By one in the afternoon I’m back at Manjez, going over details of my TV appearance with Alex Zikic, a Balkan version of young Charlie Rose, when a teen approaches our table asking for an autograph—Zikic’s, not mine. Alex is laughing, “Buddy, you are at the wrong end of the table!” Unlike Charlie, Alex talks so fast that listening to him is like trying to read Playboy magazine with your wife turning the pages.
Not being a writer inside the environment like this should be a punishable crime, equal to a sober sailor at the pirates’ drinking binge at Tortuga.
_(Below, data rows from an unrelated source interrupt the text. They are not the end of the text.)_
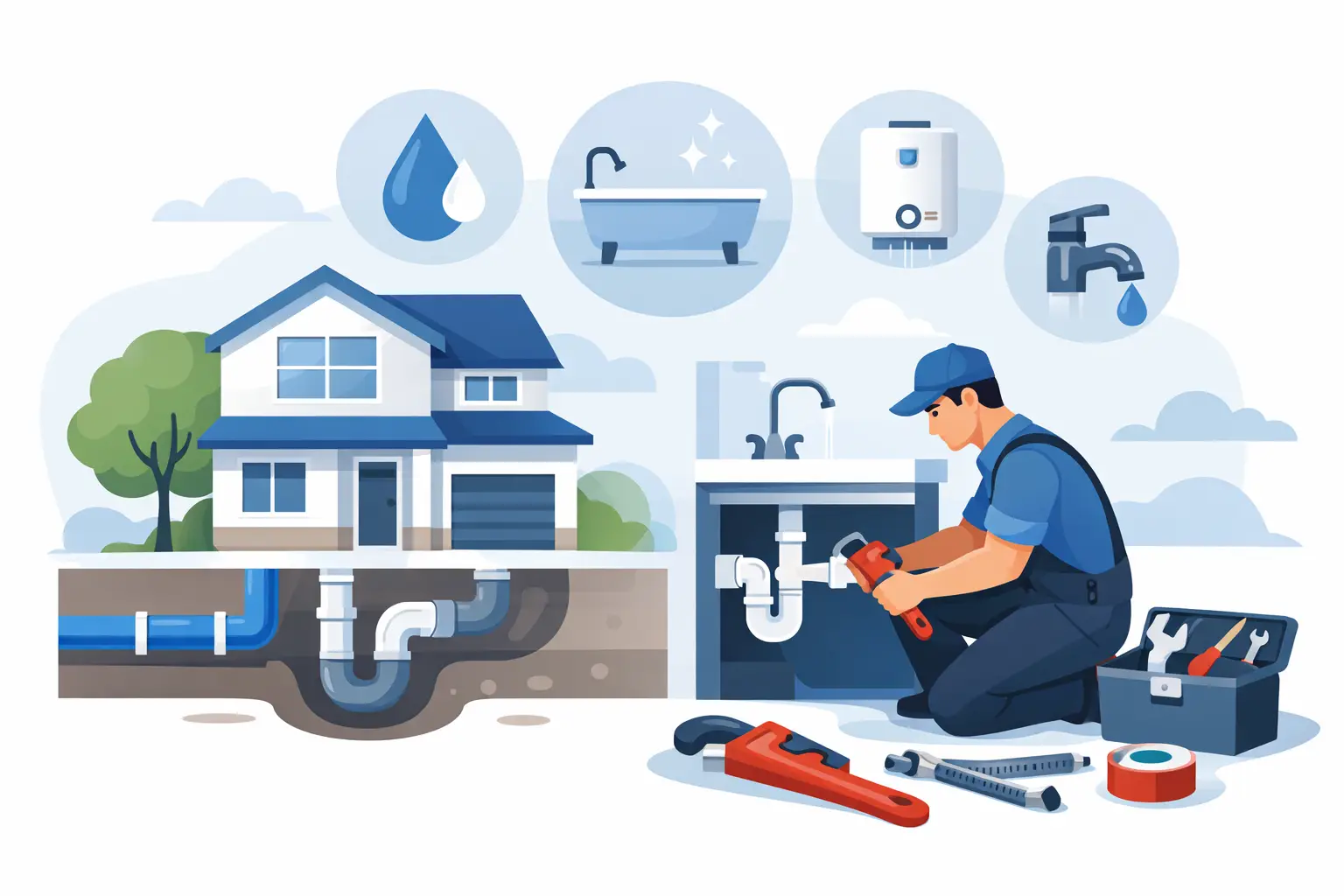 What Is Residential Service Plumbing?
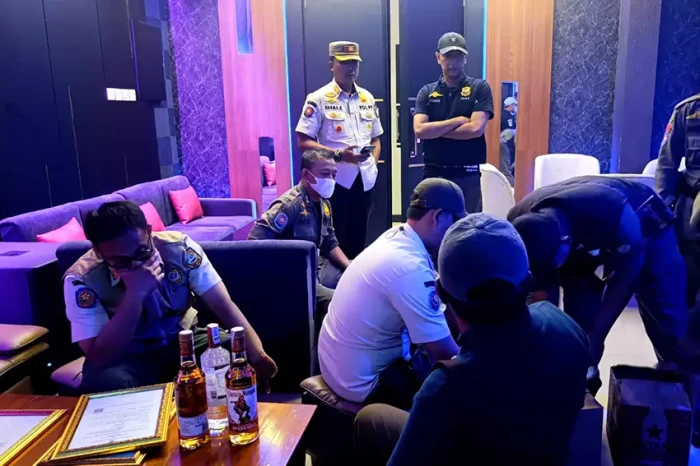 Sidak Tempat Karaoke...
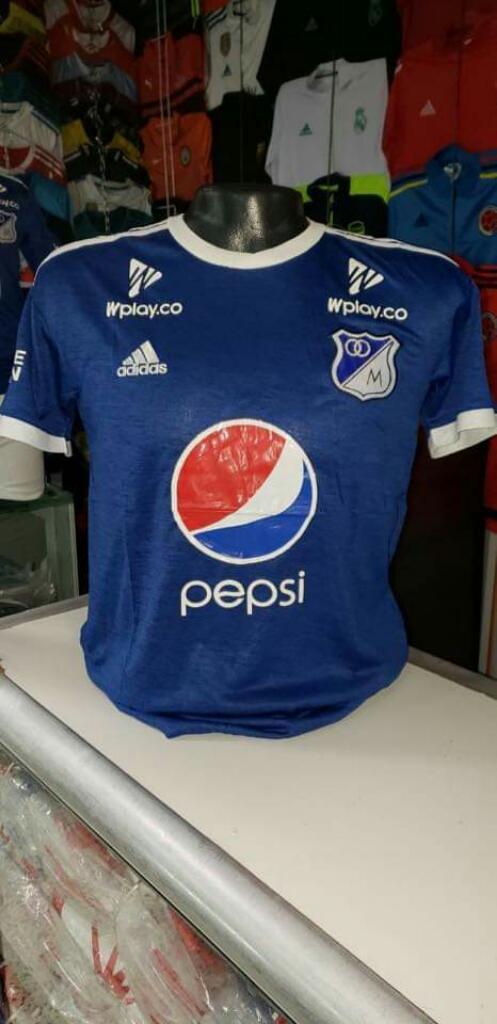 Camiseta Millonarios para Hombre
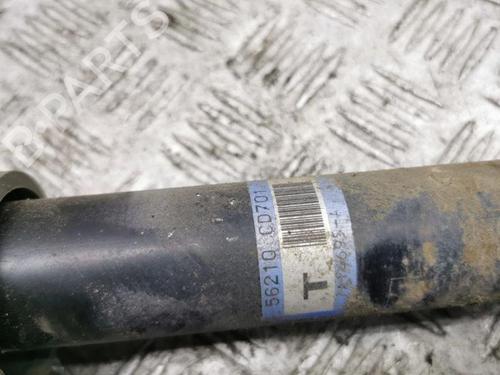Left rear shock absorber NISSAN 350Z Coupe (Z33) 3.5 (AAZ33) | BP28879121M18 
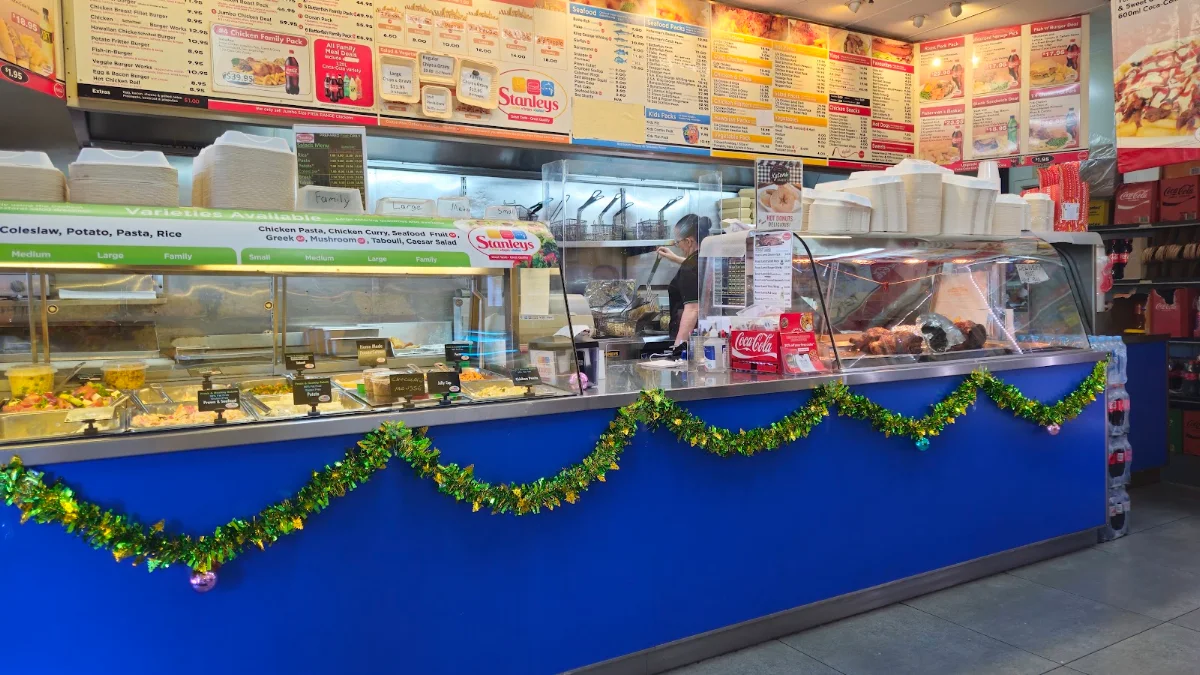 Vibe, Stanleys Chicken Burgers Seafood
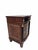 Neoclassical Empire Revival Mahogany Nightstand/End Table For Sale - Image 4 of 10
Even though I miss those days badly, I’m not going medieval on the new generations’ ass: as non-biased as I could humanly be, I regret the lack of mental effort on their behalf, as they go spinning off their wheels through the high tech gadgets and the lack of thought: that burnout smells fake, smoking through every single mirror on its way. It’s not even about the content: I could live, if I have to, with Hegel being replaced by Larry the Cable Guy, but the absence of challenge is what really kills the generation; swimming comfortably down the stream, you always end up with the Stranglers’ song, Down In The Sewer: “People say you shouldn’t stay down here too long, Lose your sense of light and dark, Lose your sense of smell.”
When I was sixteen, I would pack a beer, half loaf of bread, smoked sausage, a fresh jalapeno, and walk to the only look-alike racetrack Belgrade had. Sitting in the grass, I’d imagine my future car, calculate my possible speed, drive around as fast as I could, flawlessly shifting gears in my brain. Miraculously, I’d win every time. I managed to pass Dieter Quester in his BMW 2002 Alpina with Kompressor, but that was a tight squeeze. I had time inside me, insatiable future, emancipation to shape my life to any extreme desired, which in return equipped me with determination to catapult myself into the stratosphere.
I’m not going to sit here and say the rest was the name of the rose—quite opposite took place: my otherwise generous father for the reason unknown to man tried wiggling out of his promise to buy me a car, and only my mother’s firm backup made him deliver. Once I built my rally car out of the clunker I’ve had, my co-driver wanted to try the monster, only to crash into stone banking. I’d understand if he went all out—what tortured me was his crawling pace and deer-in-the-headlights behavior. When the first rally unwrapped, my Abarth blew the gasket and overheated 300 yards from the start. And so on. I managed to endure all these vicious attacks owing to my inner time accumulated in prior years, as well as the dedication it produced, aka substance.
Have in mind this: lesser people than you will do anything to drag you down, those beyond your reach are on the mission not to let you in. Government is already inside your ass, trying to climb up in your head and spray microchips around. If you are convinced you have a few true friends, think again, this time with glasses. The only friend you have is knowing the fact that you will die. In the interim, be yourself, since this is who you are—an interim.